Your task: Exactly reproduce the lines from the line bearing "stylo 4 couleurs - photo numéro 3" through the end of the listing, inclusive of both; pictures are to be omitted.

The data Start Marker

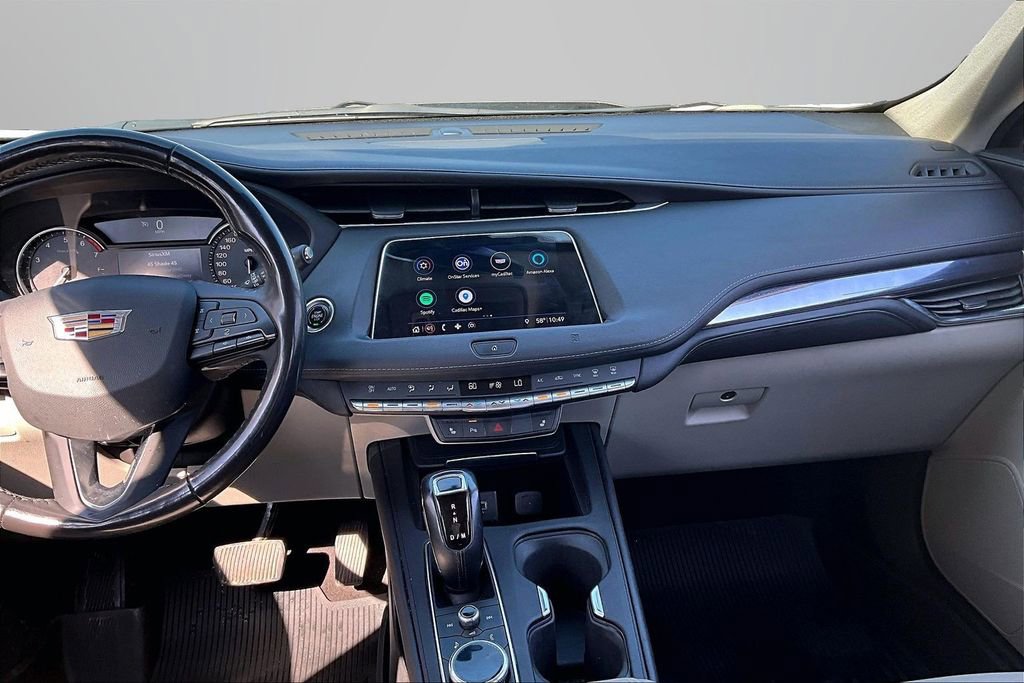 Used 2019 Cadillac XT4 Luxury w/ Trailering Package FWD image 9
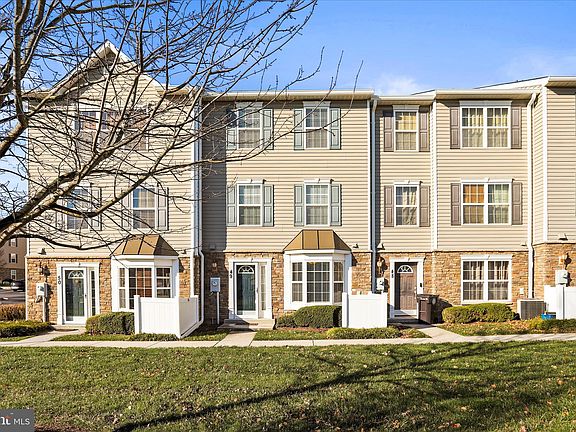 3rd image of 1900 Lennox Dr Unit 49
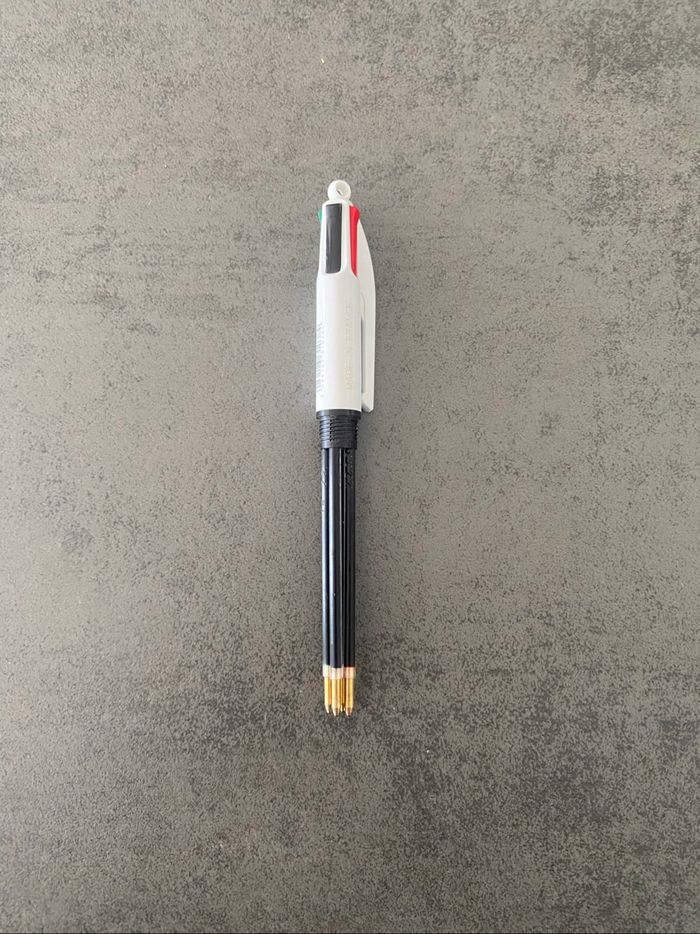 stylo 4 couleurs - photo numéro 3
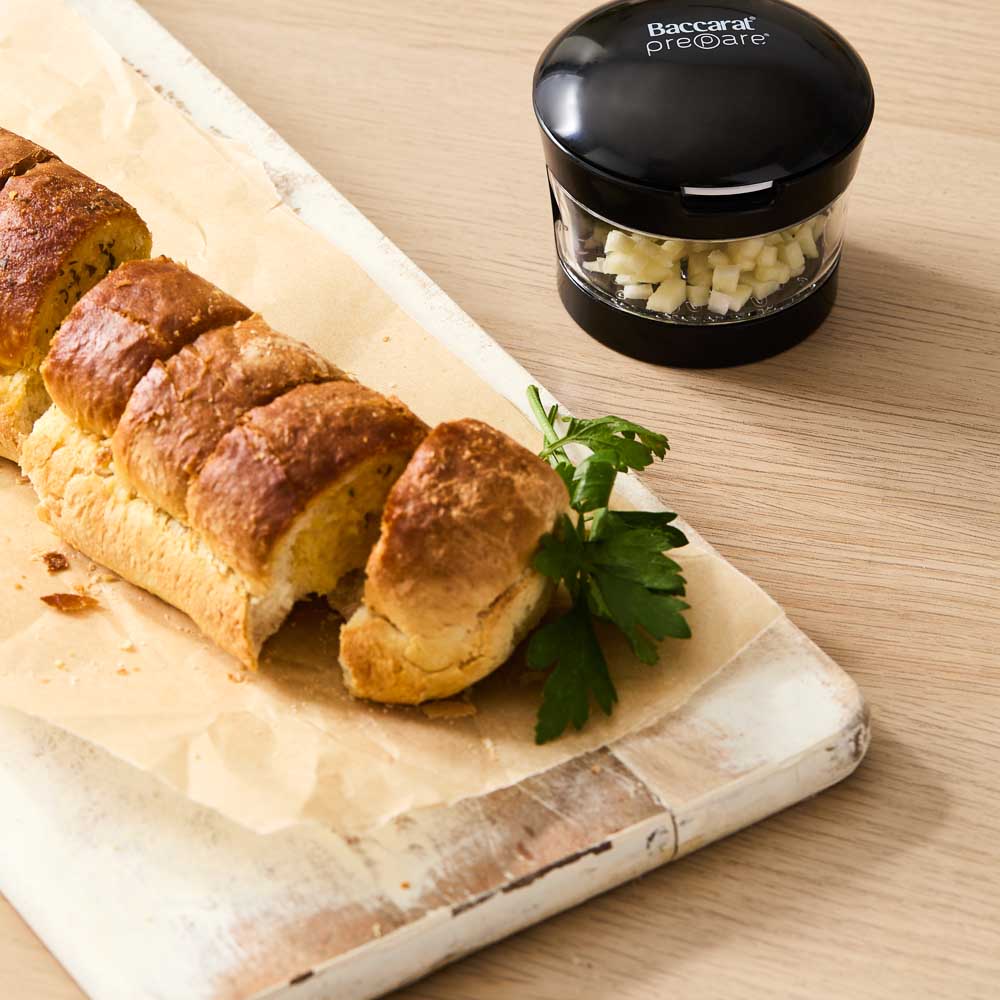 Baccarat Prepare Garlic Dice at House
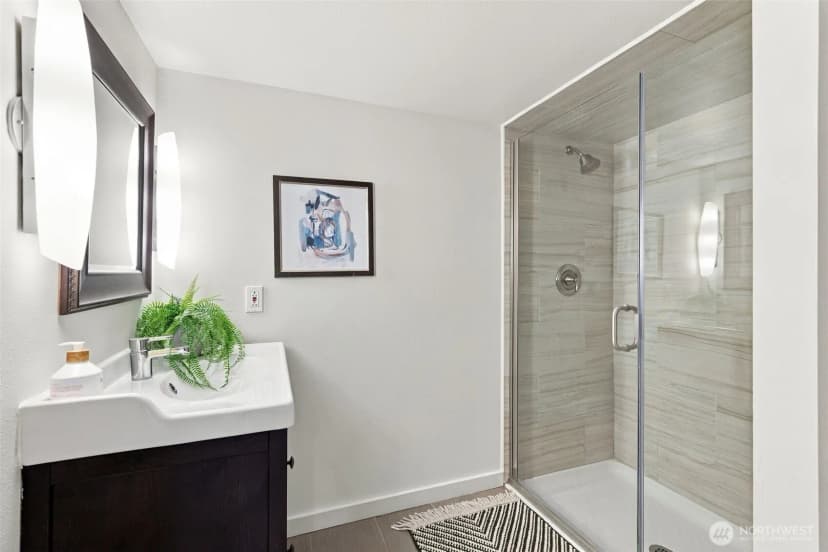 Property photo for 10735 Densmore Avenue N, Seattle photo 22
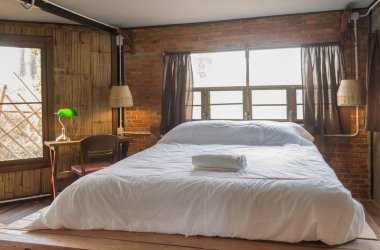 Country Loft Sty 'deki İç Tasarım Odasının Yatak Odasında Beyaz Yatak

The data End Marker

Answer below:
 stylo 4 couleurs - photo numéro 3
 Baccarat Prepare Garlic Dice at House
 Property photo for 10735 Densmore Avenue N, Seattle photo 22
 Country Loft Sty 'deki İç Tasarım Odasının Yatak Odasında Beyaz Yatak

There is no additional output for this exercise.